In a previous post, I gave an overview of the problem with the state of the intoxication defense in workers’ compensation law in Texas–that it prevents people from recovery, even when their injury had nothing to do with testing positive for drugs. Again, I want to stress that everyone wants to maintain a drug free workplace. I have lost two family members in incidents caused by a drunk driver — a cousin and an uncle — in separate events. So, I tend to take a hard view towards injuries caused by intoxication. But that doesn’t mean I think insurance carriers should be excused from covering injuries that they have legally contracted to cover.
Currently, the Division of Workers’ Compensation takes the position that the rebuttable presumption shifts the burden of proof in a workers compensation case. This is contrary to the law of rebuttable presumptions found in virtually every other legal context. In fact, it is contrary to the law as set forth by the Texas Supreme Court.

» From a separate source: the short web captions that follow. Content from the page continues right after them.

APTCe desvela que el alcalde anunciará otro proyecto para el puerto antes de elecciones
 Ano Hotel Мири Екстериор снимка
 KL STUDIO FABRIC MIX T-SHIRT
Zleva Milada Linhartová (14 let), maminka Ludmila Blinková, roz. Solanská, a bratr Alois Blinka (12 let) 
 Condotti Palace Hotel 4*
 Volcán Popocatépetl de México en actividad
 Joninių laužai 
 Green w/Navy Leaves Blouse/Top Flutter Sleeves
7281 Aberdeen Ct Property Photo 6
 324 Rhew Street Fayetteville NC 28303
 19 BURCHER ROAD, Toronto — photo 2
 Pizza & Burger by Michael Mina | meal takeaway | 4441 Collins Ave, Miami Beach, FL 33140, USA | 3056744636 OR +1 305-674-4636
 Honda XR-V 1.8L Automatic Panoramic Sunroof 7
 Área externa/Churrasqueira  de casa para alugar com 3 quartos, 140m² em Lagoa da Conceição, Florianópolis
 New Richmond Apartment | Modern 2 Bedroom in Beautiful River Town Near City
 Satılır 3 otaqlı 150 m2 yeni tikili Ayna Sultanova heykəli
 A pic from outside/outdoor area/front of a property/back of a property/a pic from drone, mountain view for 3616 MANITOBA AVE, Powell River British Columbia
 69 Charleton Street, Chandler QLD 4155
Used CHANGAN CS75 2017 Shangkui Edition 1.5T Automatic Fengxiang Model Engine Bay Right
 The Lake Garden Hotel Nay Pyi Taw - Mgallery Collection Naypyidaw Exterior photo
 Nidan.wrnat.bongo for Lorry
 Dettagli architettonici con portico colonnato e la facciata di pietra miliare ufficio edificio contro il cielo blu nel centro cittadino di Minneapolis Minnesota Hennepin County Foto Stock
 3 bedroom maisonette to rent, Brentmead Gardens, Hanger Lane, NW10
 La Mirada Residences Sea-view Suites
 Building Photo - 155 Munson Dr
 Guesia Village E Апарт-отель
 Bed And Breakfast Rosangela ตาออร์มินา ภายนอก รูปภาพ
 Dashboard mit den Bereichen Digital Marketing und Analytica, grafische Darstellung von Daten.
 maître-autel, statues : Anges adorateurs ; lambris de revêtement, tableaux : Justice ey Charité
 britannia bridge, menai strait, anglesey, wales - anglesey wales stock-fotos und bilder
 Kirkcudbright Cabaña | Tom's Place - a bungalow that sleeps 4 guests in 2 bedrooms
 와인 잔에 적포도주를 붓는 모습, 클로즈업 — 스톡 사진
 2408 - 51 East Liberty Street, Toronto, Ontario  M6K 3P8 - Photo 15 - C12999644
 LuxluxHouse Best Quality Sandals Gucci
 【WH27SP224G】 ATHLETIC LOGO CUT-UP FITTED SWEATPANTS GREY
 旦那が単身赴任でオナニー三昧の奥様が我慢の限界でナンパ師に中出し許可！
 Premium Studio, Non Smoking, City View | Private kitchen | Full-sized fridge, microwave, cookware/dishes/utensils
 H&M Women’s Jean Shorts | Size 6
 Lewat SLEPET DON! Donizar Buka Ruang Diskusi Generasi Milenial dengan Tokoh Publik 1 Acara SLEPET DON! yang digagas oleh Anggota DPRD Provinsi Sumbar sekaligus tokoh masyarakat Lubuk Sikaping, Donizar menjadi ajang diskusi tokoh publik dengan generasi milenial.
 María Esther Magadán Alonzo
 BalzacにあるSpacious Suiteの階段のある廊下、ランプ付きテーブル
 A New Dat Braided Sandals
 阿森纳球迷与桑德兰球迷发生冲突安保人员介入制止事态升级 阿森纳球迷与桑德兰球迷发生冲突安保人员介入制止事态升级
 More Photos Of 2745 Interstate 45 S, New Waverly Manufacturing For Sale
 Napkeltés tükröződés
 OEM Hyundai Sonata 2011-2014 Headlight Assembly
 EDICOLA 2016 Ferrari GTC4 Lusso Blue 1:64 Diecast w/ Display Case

In virtually every other legal context, a rebuttable presumption only operates to shift the burden of producing evidence. For instance, in the criminal context, a criminal defendant bears the burden to produce some evidence that a search occurred without a warrant, once that evidence is produced, the burden is on the State to show that the search or seizure was reasonable. In trademarks, a registered trademark shifts the burden to the opposing party to produce some evidence that the trademark is not valid. Once the evidence is produced, the burden of proof is on the trademark holder to establish validity. In discrimination law, the employer initially has a burden of producing evidence of legitimate, non-descriminatory reasons for their conduct, then presumption falls and the plaintiff has the burden of proof. in estate law, regarding gifts to spouses, initially there is a presumption of a gift but once evidence is produced negating that presumption, the presumption falls and no longer exists. In family law, there is a presumption in favor of naming a child’s parent or parents as managing conservators. However, the presumption is rebuttable and once some evidence is produced rebutting the presumption, it falls and the parent has the burden of proof to show that their appointment as managing conservator is in the best interest of the child. I could go on and on naming various legal contexts in which Texas law treats a “rebuttable presumption” as a requirement on a party to produce evidence not meet a burden of proof. But the Texas Supreme Court has already made this very clear in a case dealing with an area of personal injury law called product liability.
The Texas Supreme Court has made very clear, in the case of General Motors Corp. v. Saenz, 873 S.W.2d 353, 358-59 (Tex.1993), that a rebuttable presumption does not shift the burden of proof.
“The Texas Supreme Court has made very clear…that a rebuttable presumption does not shift the burden of proof”
In this case, the Court very clearly stated that a rebuttable presumption merely shifts the burden of going forward on the case to produce some evidence rebutting the presumption. Once that evidence has been produced, the presumption disappears and the case is treated as if no presumption existed.
How long workers’ compensation law will continue to exist with an erroneous application of the law of rebuttable presumptions is unknown. However, as long as this continues, there will remain a problem with the constitutionality of the law that I will go into in a future post.